Also, no one can deny that Linear Algebra is undoubtedly the important and primary thing to process the applications of Machine Learning. The term Linear Algebra was initially introduced in the early 18 th century to find out the unknowns in Linear equations and solve the equation easily hence it is an important branch of mathematics that helps study data. Linear Algebra is an essential field of mathematics, which defines the study of vectors, matrices, planes, mapping, and lines required for linear transformation. Each machine learning algorithm is based on the concepts of mathematics & also with the help of mathematics, one can choose the correct algorithm by considering training time, complexity, number of features, etc.

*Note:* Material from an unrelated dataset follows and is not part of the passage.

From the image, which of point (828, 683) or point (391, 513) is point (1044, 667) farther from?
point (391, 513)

Machine learning has a strong connection with mathematics. Hope you find this quick read useful.Next → ← prev Linear Algebra for Machine learning These are my recommendations for someone who wants to get into this fantastic and futuristic world known as, machine learning. Scikit-Learn, for machine learning pre-defined algorithms and functionsįor learning the ins and outs of all the libraries (packages) listed above, I will recommend you to subscribe, at least for a month, to DataCamp (In my opinion one of the best learning sources out there for those who want to become Data Scientists.Pandas, for data manipulation and data organization.

Once you get the grasp of programming in Python, I will move quickly into learning the following libraries (packages): Also, you can try the Codecademy Python interactive module, for daily practice. This is a great resource for learning Python. I fully recommend a Udemy course called "Complete Python Bootcamp" (). If you already know another programming language, don't worry about it, really, like I said above, machine learning is all about math.

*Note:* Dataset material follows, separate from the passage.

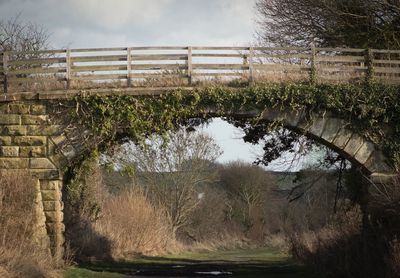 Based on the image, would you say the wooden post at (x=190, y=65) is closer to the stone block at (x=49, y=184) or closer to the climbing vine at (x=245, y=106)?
the climbing vine at (x=245, y=106)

Here is why: it is free, there are hundreds of supporting communities (and still growing) out there, and it is very versatile due to a large number of free libraries (packages) available online, that let you do almost anything. If you ask me, I would choose Python by default, not because it is the programming language I already know, but because if you are new to machine learning and new to programming, Python will be one of the best choices for this purpose. (Once you refresh all these concepts, and theorems, it should be time to decide what programming language to learn, if you don't know one already. The best (by far) free resource online out there, without a doubt, is Khan Academy. For this reason, the most obvious first step on this journey should be to re-visit and practice basic concepts on linear algebra, probability, statistics, and calculus. Machine learning is all about math, more than it is to know how to program, which is, mistakenly, what most people think about when they hear these two words.